I also had problems with the Standardizer() not scaling Int64 features in the DataFrame which were resolved by just converting manually (lines 21:23). I wonder if there’s any better way to do it.

The data was downloaded from this Kaggle dataset page

The whole script that reproduces these two problems is pasted below:

using Flux
using CSV
using DataFrames
using MLJ
using ScientificTypes
using Tables


function preprocess(x, y; train_size = 0.8)

    columns_to_delete = [
        "FLUVENTS",
        "DYSTROPEPTS",
        "ORTHENTS",
        "UDALFS",
        "USTALFS",
    ]

    select!(x, Not(columns_to_delete))

    for feature in names(x)
        x[!, feature] = convert.(Float64, x[:, feature])
    end

    limit = trunc(Int64, size(x, 1) * train_size)

    xtrain = x[begin:limit, :]
    xtest =  x[limit:end,   :]

    ytrain = y[begin:limit, :]
    ytest =  y[limit:end,   :]


    xtrain_std_mach = machine(Standardizer(), xtrain)
    ytrain_std_mach = machine(Standardizer(), ytrain)

    xtest_std_mach  = machine(Standardizer(), xtest)
    ytest_std_mach  = machine(Standardizer(), ytest)


    norm_xtrain = MLJ.transform(fit!(xtrain_std_mach), xtrain)
    norm_xtest  = MLJ.transform(fit!(xtest_std_mach), xtest)

    norm_ytrain = MLJ.transform(fit!(ytrain_std_mach), ytrain)
    norm_ytest  = MLJ.transform(fit!(ytest_std_mach), ytest)

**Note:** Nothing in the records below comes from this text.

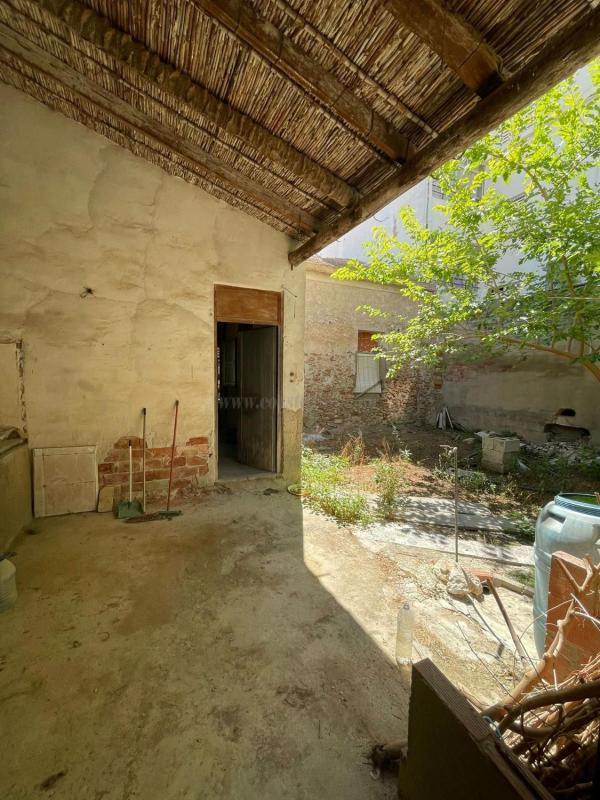 Venta de casas en Formentera del Segura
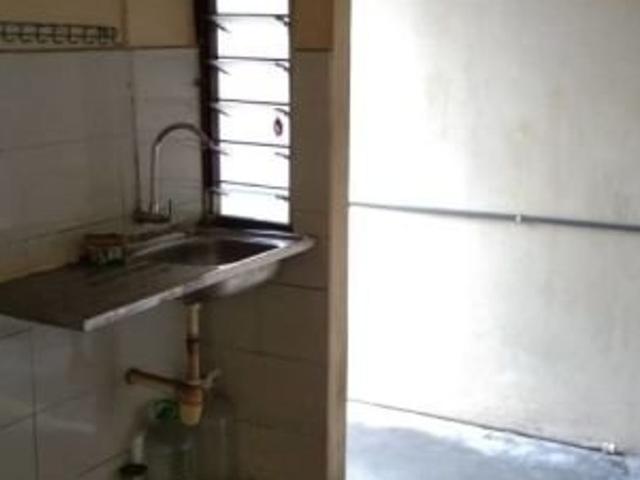 3 Bedroom Apartment for rent in Jalan Pekan Baru, Selangor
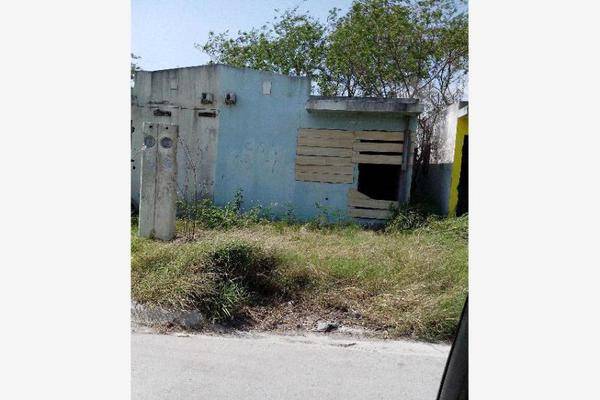 Foto de casa en laguna de chapala 236, rinconada de las brisas, matamoros, tamaulipas, 17155869 foto 03 Foto de casa en venta en laguna de chapala 236, rinconada de las brisas, matamoros, tamaulipas, 17155869 No. 03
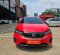 2021 Honda City Hatchback New City RS Hatchback CVT Merah - Jual mobil bekas di Jawa Barat-1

    norm_xtrain = Array(norm_xtrain)' 
    norm_xtest  = Array(norm_xtest)'
    norm_ytrain = Array(norm_ytrain)'
    norm_ytest  = Array(norm_ytest)'


    return norm_xtrain, norm_ytrain, norm_xtest, norm_ytest, ytest_std_mach
end


function train(xtrain, ytrain; epochs::Int64)

    dataloader = Flux.DataLoader((xtrain, ytrain), batchsize = 4, shuffle = true)

    model = Chain(
        Dense(16, 100, relu),
        Dense(100, 100, relu),
        Dense(100, 1, sigmoid),
    )

    loss(x, y) = Flux.Losses.mse(model(x), y)
    optimizer = Flux.ADAM()

    for current_epoch in range(1, epochs)
        println("Epoch $current_epoch/$epochs")
        Flux.train!(loss, Flux.params(model), dataloader, optimizer)
    end

    return model
end


function evaluate(model, xtest, ytest, target_scaler)

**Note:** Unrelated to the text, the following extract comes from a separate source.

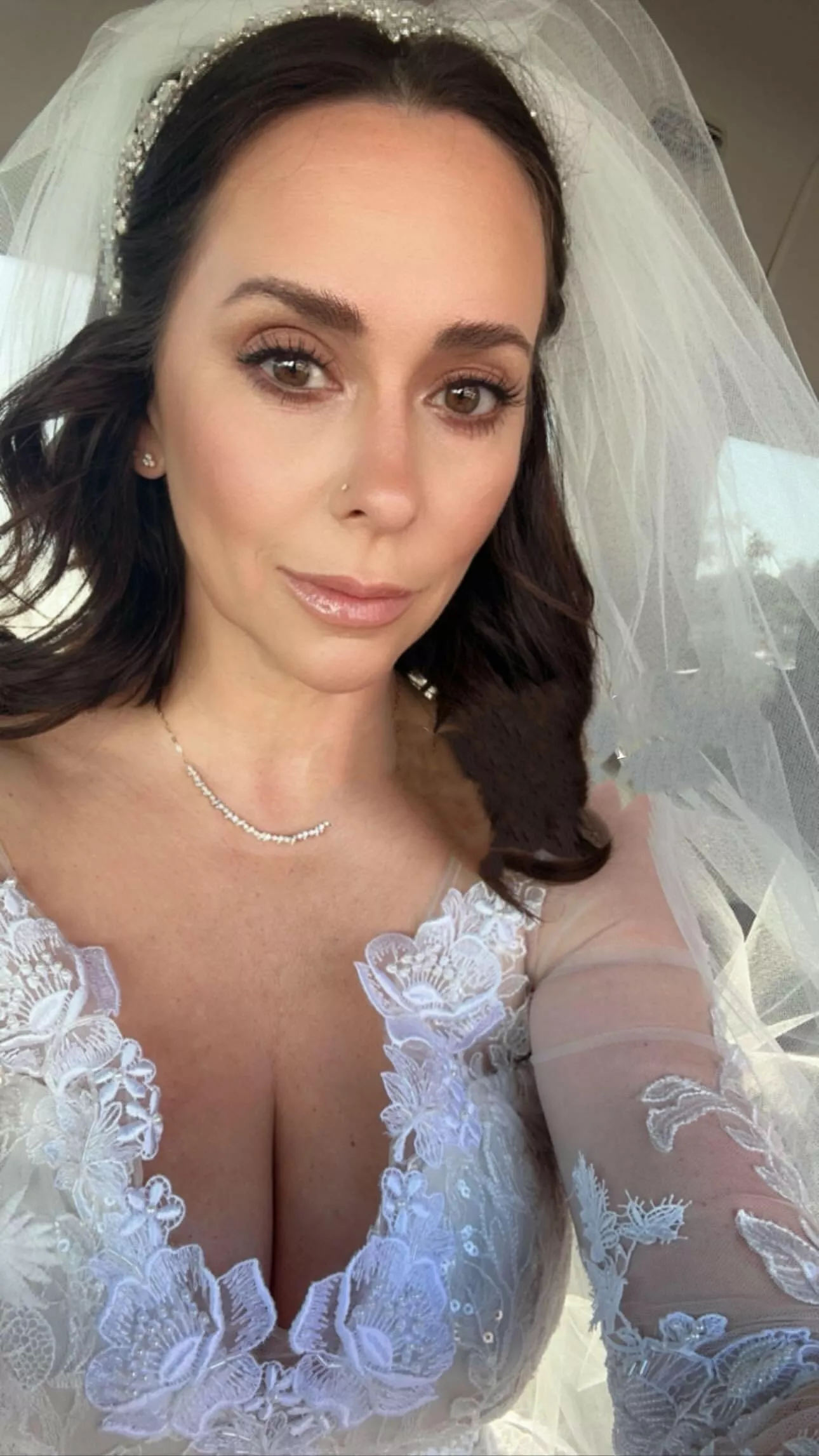 Jennifer Love Hewitt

    norm_preds = model(xtest) # all preds are NaN

    real = inverse_transform(target_scaler, ytest) # can't inverse transform data
    pred = inverse_transform(target_scaler, norm_preds) 

    println(Flux.Losses.mse(preds, real))
end


function main()
    x = CSV.read("./X1.csv", DataFrame)
    y = CSV.read("./y1.csv", DataFrame)

    xtrain, ytrain, xtest, ytest, target_scaler = preprocess(x, y)

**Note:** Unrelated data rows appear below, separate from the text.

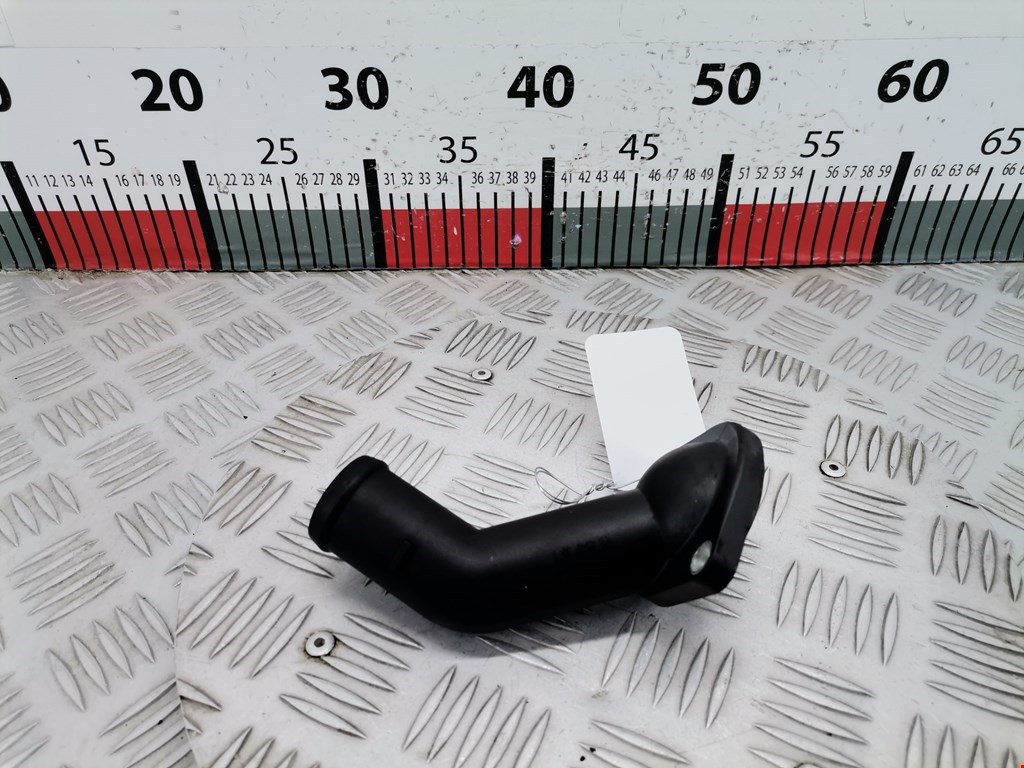 Корпус термостата VOLKSWAGEN Beetle A4 1998-2010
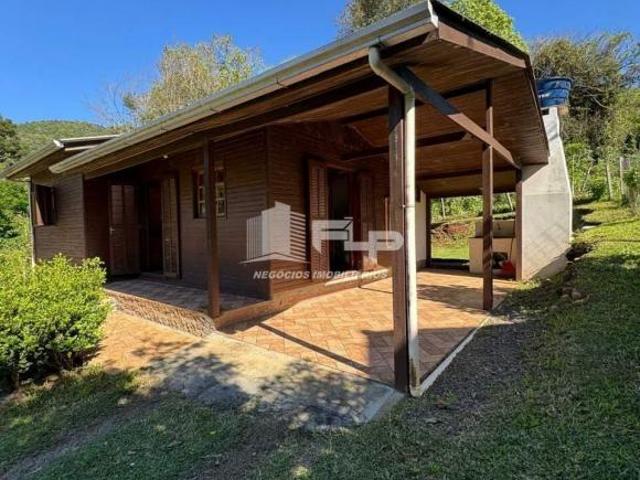 Casa venda em Região Geográfica Imediata de Caxias do Sul, Feliz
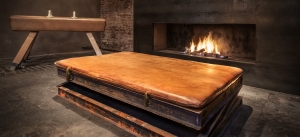 Tisch Matte (5)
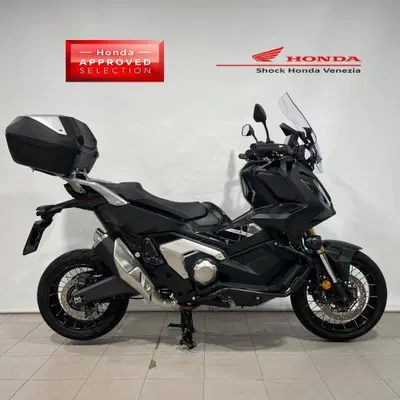 Honda X-ADV 750 DCT Adventure (2021 - 24) usata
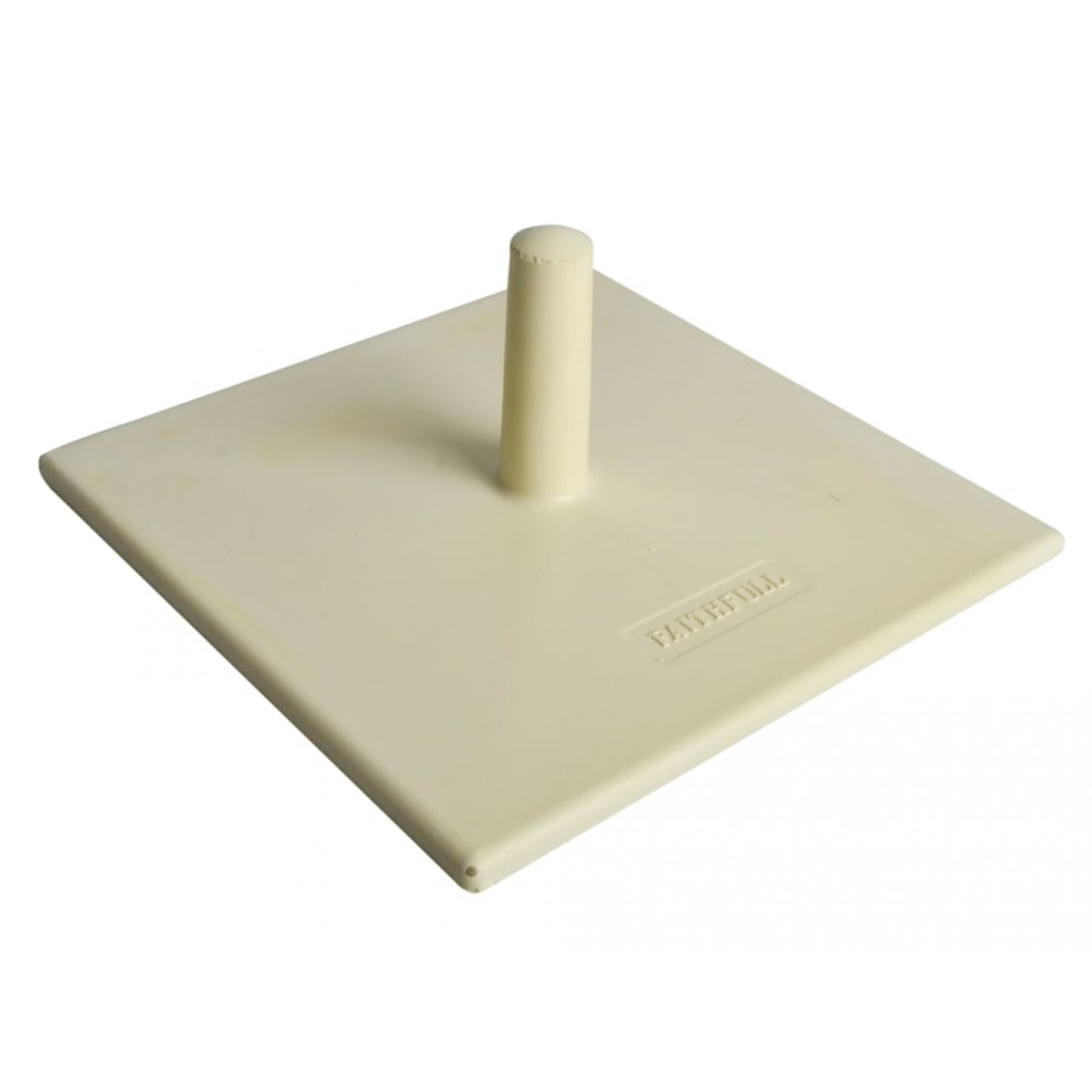 Plastic Hawk 325 x 325mm (13 x 13in) FAIPHAWK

    model = train(xtrain, ytrain, epochs = 15)

    evaluate(model, xtest, ytest, target_scaler)

    return 
end

main()

The corresponding stack trace:

[ Info: Training Machine{Standardizer,…}.
[ Info: Training Machine{Standardizer,…}.
┌ Warning: Extremely small standard deviation encountered in standardization.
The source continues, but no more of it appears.